Kelanjutan kisah Dua Garis Biru, tentang Bima (Angga Yunanda) dan Dara (Aisha Nurra Datau) yang berusaha membangun rumah tangga dan jadi orangtua terbaik untuk Adam (Farrell Rafisqy) di antara perbedaan mereka kini.
Tampil sangat hangat dan kuat, Dua Hati Biru menurut saya jauh lebih baik dibanding pendahulunya, Dua Garis Biru.
Naskah yang ditulis oleh Gina S. Noer rapi dan kokoh dari awal film hingga akhir film. Hal yang saya suka dari skripnya adalahh melebarkan skala ceritanya selayaknya sekuel, dan menggabungkan beberapa sub-plot yang menarik dan di eksekusi dengan rapi, semuanya terjelaskan dan tidak menggantung (mungkin alasan perpisahan orang tua Dara bisa diberikan screentime yang lebih banyak).

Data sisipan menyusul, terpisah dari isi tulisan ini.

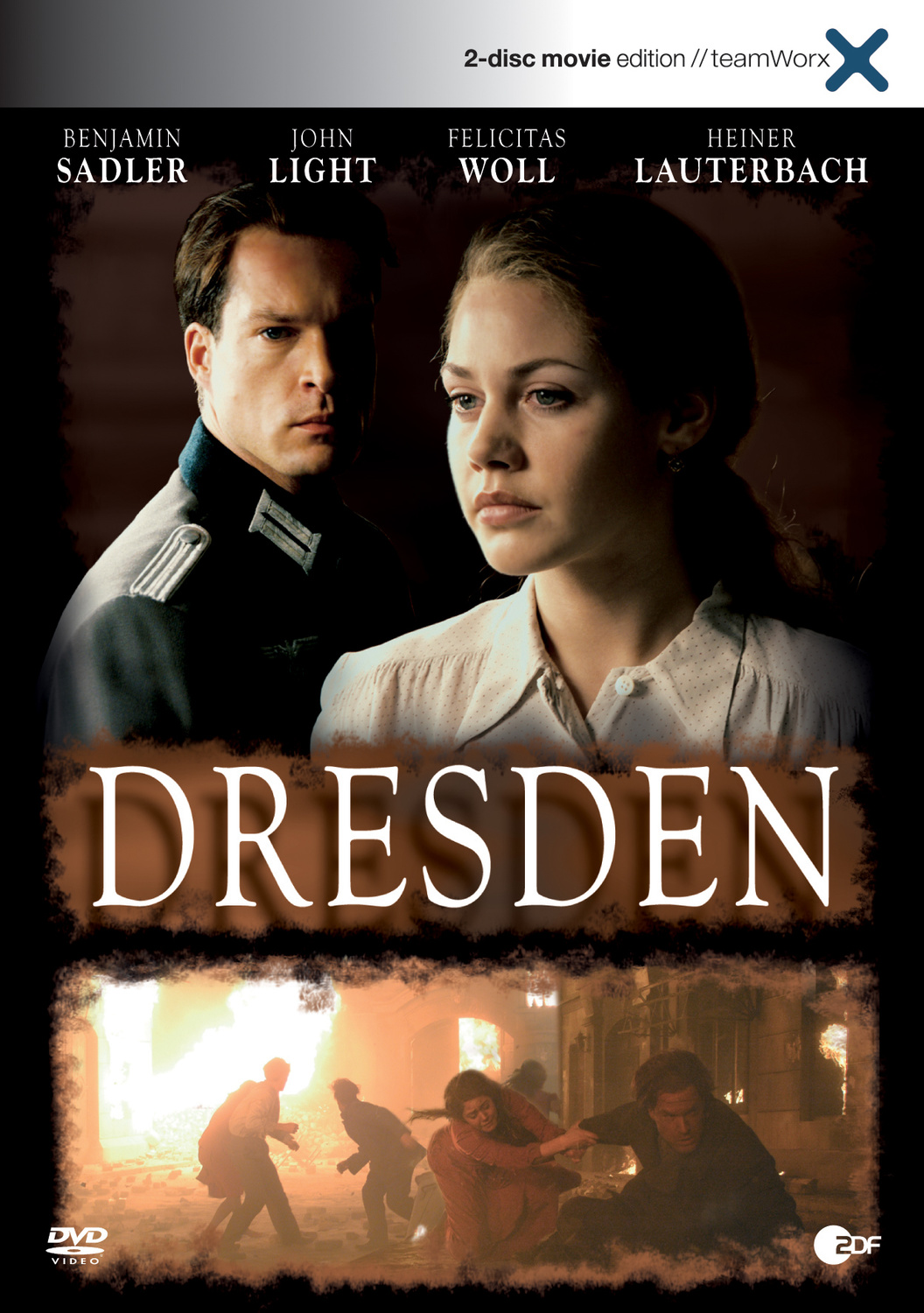Dresden (2 DVDs) von Warner Home Video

Keputusan untuk merecast Adhisty Zara menjadi Nurra Datau menurut saya adalah pilihan yang tepat. Bukan berarti akting Adhisty Zara buruk, namun menurut saya, Nurra Datau di beberapa momen lebih baik dalam menyampaikan emosi melalui ekspresi, intonasi dan gestur badan.

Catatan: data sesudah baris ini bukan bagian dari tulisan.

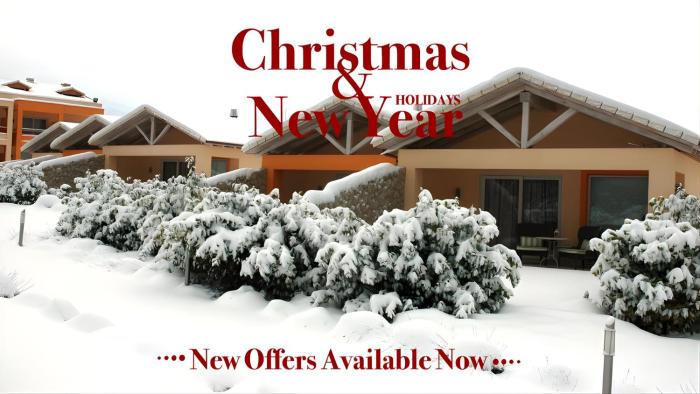 Litohoro Olympus Resort Villas & Spa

Tak hanya Nurra Datau, semua pemain dalam film ini berakting dengan baik, namun Farrel Rafisqy dan Keanu Angelo sangat mencuri perhatian! Farrel berhasil memerankan karakter Adam yang menyebalkan namun menggemaskan, dan Keanu tetap menjadi Keanu yang identik dengan celetukan-celetukannya yang lucu.
Sama juga seperti film pendahulunya, Dua Hati Biru memiliki banyak soundtrack yang bagus dan memiliki scoring yang tidak berlebihan pada adegan-adegannya.
Kekurangan dari Dua Hati Biru menurut saya pribadi mungkin hanya transisi dari momen drama ke komedi atau sebaliknya yang terasa terlalu cepat, selebihnya sudah sangat baik.
Sebelum saya menutup review ini, saya ingin memberikan apresiasi yang sebesar-besarnya kepada Gina S. Noer dan Dinna Jasanti karena telah membuat film yang sangat hangat dan menyenangkan ini.
Dua Hati Biru adalah pilihan terbaik untuk ditonton bersama keluarga di Bioskop saat ini.
(Saya juga kagum dengan cara mba Gina dan mba Dinna mengarahkan Farell yang masih balita untuk berakting dan hasilnya se natural itu.)